As someone whose love for Game Of Thrones has been decidedly hit-or-miss over the years, I’m going to plunge straight into the heart of purest, most bitter schadenfreude with my pick: Daenerys Stormborn doesn’t deserve Tyrion Lannister, the series barely deserves Peter Dinklage, and so I say we watch both of them try to get by without either of their individual aces in the hole. Killing Tyrion—guys, you know those crypts aren’t safe, right?—would blow a hole right through large parts of the dramatic heart of the series, leaving little more than a bunch of addled teenagers fumbling around while trying to keep humanity alive, a.k.a. exactly the sort of chaos that I crave. And hey, I know I said in a previous Q&A that Tyrion would make a perfect final claimant to the Iron Throne, but, then, when has anyone in Westeros ever gotten, or deserved, perfect rulership? Meanwhile, as a firm believer that the only fitting end for the series is a win for Team Night King, finally wiping out this planet full of crappy, fractious people once and for all, taking out one of the last Smart People standing can only move the needle a little further along.


Alex McLevy

It’s been a long time since this show really shocked me with one of those awful, unexpected deaths that used to happen at least once or twice a season.
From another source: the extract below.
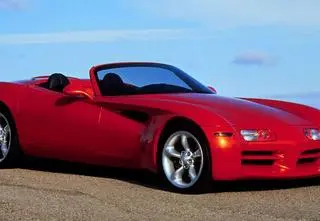 Dodge Copperhead. Ma być następcą Vipera i mieć V8 pod maską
Which is why I would like it to do so one last time—and the only way I can think of it really doing that is a gruesome, violent death for Lyanna Mormont, a.k.a. Tiny Mormont. True, the show has already proven it’s not above killing kids in the most horrifying ways (R.I.P. Shireen), but can you imagine the sheer fortitude it would take to murder arguably one of the only universally liked characters on the series? The howls of despair that would likely greet such a death would be matched only by the admissions of acknowledgment that Game Of Thrones managed, one last time, to craft a disturbing surprise. Of course, this would destroy my hopes for a Tiny Mormont spin-off series, but I genuinely can’t imagine a more startling death on the next episode than the cold-blooded murder of Winterfell’s pint-size badass.


Randall Colburn

I’m on the same wavelength as Alex, as all I want is for my jaw to drop like it did during the Red Wedding or, well, the Purple Wedding. Basically, I want another capital-W wedding but since the impending death of Grey Worm—one-half of the show’s only healthy relationship—ensures that won’t happen, give me Samwell Tarly’s drooping head on a spear. Gilly, too, and turn that baby into ice, White Walker-style. I have reckoned with the deaths of Davos and Tormund, of Brienne and Arya, of Jon and Dany, of Jaime and Cersei. But, while I can see George R.R. Martin having the stones to kill one of Westeros’ most sweet, innocent characters, I simply can’t imagine David Benioff and D.B. Weiss doing it. I say it’s high time to remember that, in this world, good people can die in horrible ways. Give me chaos. Give me futility. Give me the old Game Of Thrones.


Nick Wanserski

The death I always envisioned for Jaime Lannister was that he would meet his sister face to face on the final battlefield and the two would stab each other in a murderous embrace like Arthur and Mordred at the end of Excalibur. They were closest in life, so it only makes sense that they would also be closest in death. It would be a perfectly operatic death for those two incestuous glam rockers. But Game Of Thrones isn’t really about those operatic moments. It’s about small cruelties and lethal unfairness and muck and mud. So it really makes the most sense for him to die at Winterfell so that Cersei, who has already had her children taken from her, will also be without her brother and lover and at the end of her reign, be truly alone. She has the throne, she has the Iron Fleet and the Golden Company (sans elephants), but she has driven away everyone who she has ever loved into the arms of death. So, sorry, Jaime. But you have to die so that another may feel even worse.